___ GIVEN ENTRIES ___

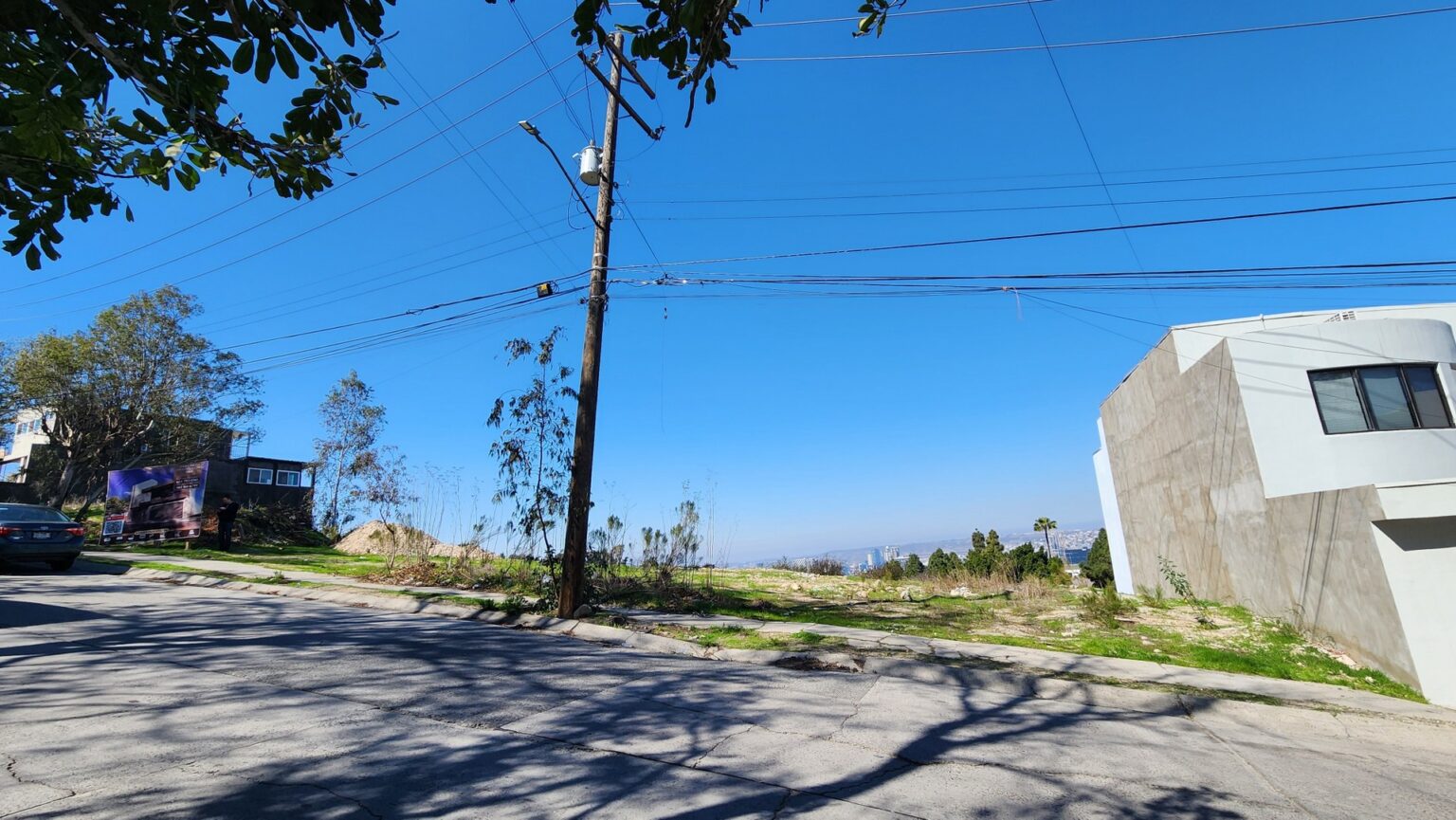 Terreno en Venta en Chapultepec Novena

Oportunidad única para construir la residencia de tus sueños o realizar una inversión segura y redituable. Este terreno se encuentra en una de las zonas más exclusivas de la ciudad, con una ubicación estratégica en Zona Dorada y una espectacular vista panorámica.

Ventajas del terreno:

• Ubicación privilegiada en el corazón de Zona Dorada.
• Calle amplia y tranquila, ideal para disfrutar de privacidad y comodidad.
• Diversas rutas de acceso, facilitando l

___

■ EXERCISE AIM ■
Copy from the entries only those lines that hold the word "para".

■ RESPONSE TO THE EXERCISE ■
Oportunidad única para construir la residencia de tus sueños o realizar una inversión segura y redituable. Este terreno se encuentra en una de las zonas más exclusivas de la ciudad, con una ubicación estratégica en Zona Dorada y una espectacular vista panorámica.
• Calle amplia y tranquila, ideal para disfrutar de privacidad y comodidad.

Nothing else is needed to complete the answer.